Give back only the lines in the records below from the one with "SUZY LEVIAN NEW" to the one with "Elegant Pink Chiffon", both inclusive, word for word.

DATASET EXTRACT: Begin

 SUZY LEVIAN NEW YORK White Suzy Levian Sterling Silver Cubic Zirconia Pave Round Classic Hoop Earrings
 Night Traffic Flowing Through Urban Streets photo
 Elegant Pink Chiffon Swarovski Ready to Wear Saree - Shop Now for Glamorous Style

DATASET EXTRACT: End
DATASET EXTRACT: Begin

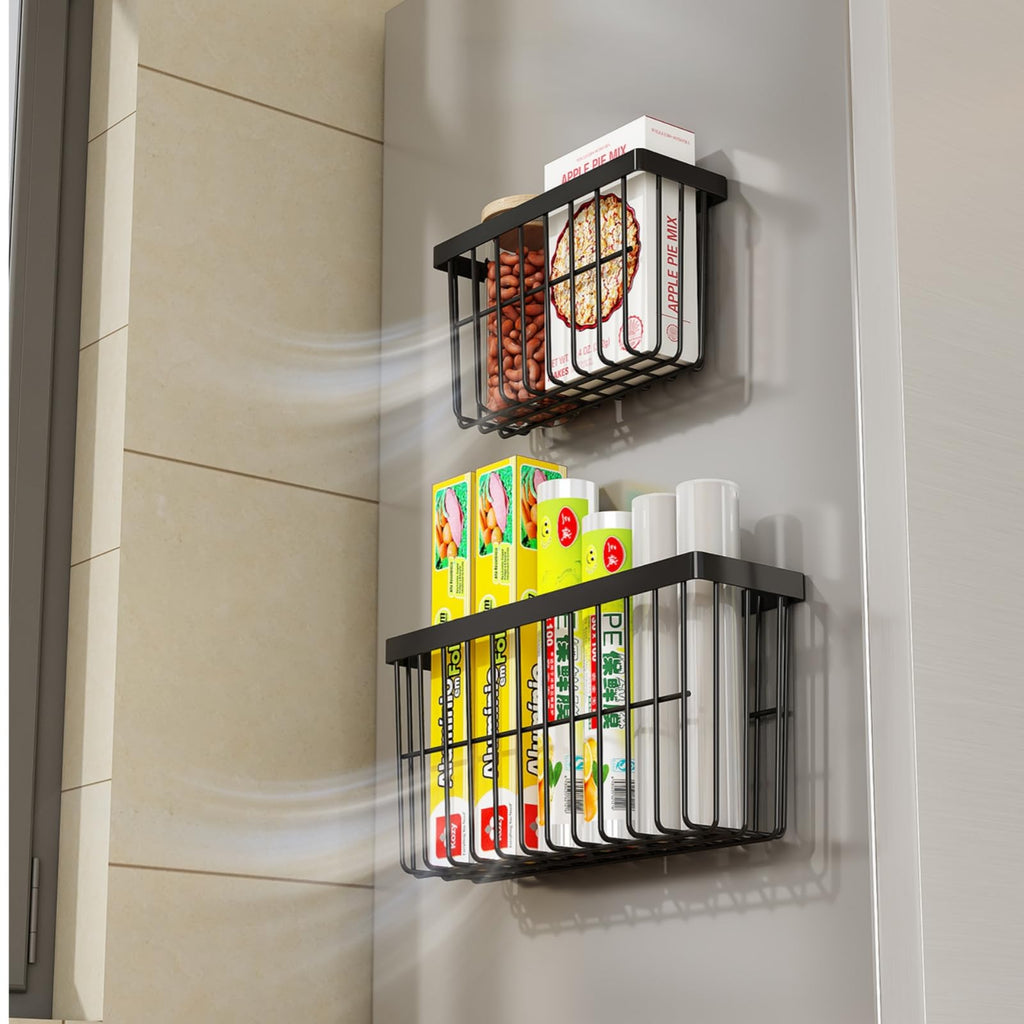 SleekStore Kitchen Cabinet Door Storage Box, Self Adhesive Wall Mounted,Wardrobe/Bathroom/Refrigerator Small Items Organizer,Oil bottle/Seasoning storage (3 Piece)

DATASET EXTRACT: End

EXPECTED OUTPUT:
 SUZY LEVIAN NEW YORK White Suzy Levian Sterling Silver Cubic Zirconia Pave Round Classic Hoop Earrings
 Night Traffic Flowing Through Urban Streets photo
 Elegant Pink Chiffon Swarovski Ready to Wear Saree - Shop Now for Glamorous Style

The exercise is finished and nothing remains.